■ WHAT TO WORK ON ■
Starting at the line containing "Cần bán xe Kia" and ending at the line containing "Photo of 2025", print every line of the material below exactly, both ends included, and stop there.
.....
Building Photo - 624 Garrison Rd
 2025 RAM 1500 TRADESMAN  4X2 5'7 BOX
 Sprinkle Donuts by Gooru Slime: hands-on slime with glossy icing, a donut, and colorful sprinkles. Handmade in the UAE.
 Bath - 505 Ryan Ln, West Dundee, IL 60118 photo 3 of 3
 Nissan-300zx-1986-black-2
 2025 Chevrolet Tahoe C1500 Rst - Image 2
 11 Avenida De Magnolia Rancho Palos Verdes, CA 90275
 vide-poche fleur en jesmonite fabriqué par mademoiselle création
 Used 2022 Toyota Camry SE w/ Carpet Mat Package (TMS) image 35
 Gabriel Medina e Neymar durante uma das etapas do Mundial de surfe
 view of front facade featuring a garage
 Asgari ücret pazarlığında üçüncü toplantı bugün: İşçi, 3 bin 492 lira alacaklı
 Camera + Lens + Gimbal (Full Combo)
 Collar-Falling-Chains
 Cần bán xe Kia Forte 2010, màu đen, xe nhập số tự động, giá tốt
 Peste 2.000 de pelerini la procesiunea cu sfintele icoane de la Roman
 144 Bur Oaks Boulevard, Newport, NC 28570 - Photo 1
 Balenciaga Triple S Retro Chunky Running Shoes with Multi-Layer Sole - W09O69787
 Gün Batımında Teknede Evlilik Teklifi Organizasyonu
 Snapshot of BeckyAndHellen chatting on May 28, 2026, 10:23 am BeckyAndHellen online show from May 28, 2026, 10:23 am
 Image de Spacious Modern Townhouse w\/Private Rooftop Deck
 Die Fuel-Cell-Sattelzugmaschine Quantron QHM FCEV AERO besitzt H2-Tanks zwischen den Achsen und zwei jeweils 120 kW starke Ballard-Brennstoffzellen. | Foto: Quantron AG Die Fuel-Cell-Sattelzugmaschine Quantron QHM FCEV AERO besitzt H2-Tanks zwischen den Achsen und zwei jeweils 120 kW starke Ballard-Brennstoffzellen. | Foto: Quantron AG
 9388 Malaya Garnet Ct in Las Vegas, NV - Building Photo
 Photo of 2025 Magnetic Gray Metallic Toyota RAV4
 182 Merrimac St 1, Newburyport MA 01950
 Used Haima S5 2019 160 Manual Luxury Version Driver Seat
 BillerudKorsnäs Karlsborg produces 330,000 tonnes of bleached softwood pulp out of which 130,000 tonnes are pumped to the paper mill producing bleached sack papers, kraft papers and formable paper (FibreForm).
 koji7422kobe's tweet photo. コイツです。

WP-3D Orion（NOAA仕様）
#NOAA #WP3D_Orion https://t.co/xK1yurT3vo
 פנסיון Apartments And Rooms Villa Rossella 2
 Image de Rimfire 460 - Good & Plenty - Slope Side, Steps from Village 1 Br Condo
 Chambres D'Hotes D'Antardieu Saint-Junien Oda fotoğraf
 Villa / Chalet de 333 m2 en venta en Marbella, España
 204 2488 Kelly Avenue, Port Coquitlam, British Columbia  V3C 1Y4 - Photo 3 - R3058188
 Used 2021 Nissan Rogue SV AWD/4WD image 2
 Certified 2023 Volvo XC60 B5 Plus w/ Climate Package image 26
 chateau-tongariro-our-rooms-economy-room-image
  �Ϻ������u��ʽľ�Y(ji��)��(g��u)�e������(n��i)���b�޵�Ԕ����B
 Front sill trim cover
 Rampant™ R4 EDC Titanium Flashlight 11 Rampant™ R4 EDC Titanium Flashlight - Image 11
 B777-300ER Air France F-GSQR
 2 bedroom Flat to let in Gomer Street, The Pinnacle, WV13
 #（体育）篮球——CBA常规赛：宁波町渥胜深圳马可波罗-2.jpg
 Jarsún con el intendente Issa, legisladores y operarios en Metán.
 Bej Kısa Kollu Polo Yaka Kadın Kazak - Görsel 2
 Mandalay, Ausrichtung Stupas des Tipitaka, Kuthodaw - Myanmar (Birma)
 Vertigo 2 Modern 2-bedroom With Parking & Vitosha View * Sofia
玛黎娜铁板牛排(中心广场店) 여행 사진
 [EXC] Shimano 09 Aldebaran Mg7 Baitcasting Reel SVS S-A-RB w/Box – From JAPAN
.....
■ THE ANSWER ■
 Cần bán xe Kia Forte 2010, màu đen, xe nhập số tự động, giá tốt
 Peste 2.000 de pelerini la procesiunea cu sfintele icoane de la Roman
 144 Bur Oaks Boulevard, Newport, NC 28570 - Photo 1
 Balenciaga Triple S Retro Chunky Running Shoes with Multi-Layer Sole - W09O69787
 Gün Batımında Teknede Evlilik Teklifi Organizasyonu
 Snapshot of BeckyAndHellen chatting on May 28, 2026, 10:23 am BeckyAndHellen online show from May 28, 2026, 10:23 am
 Image de Spacious Modern Townhouse w\/Private Rooftop Deck
 Die Fuel-Cell-Sattelzugmaschine Quantron QHM FCEV AERO besitzt H2-Tanks zwischen den Achsen und zwei jeweils 120 kW starke Ballard-Brennstoffzellen. | Foto: Quantron AG Die Fuel-Cell-Sattelzugmaschine Quantron QHM FCEV AERO besitzt H2-Tanks zwischen den Achsen und zwei jeweils 120 kW starke Ballard-Brennstoffzellen. | Foto: Quantron AG
 9388 Malaya Garnet Ct in Las Vegas, NV - Building Photo
 Photo of 2025 Magnetic Gray Metallic Toyota RAV4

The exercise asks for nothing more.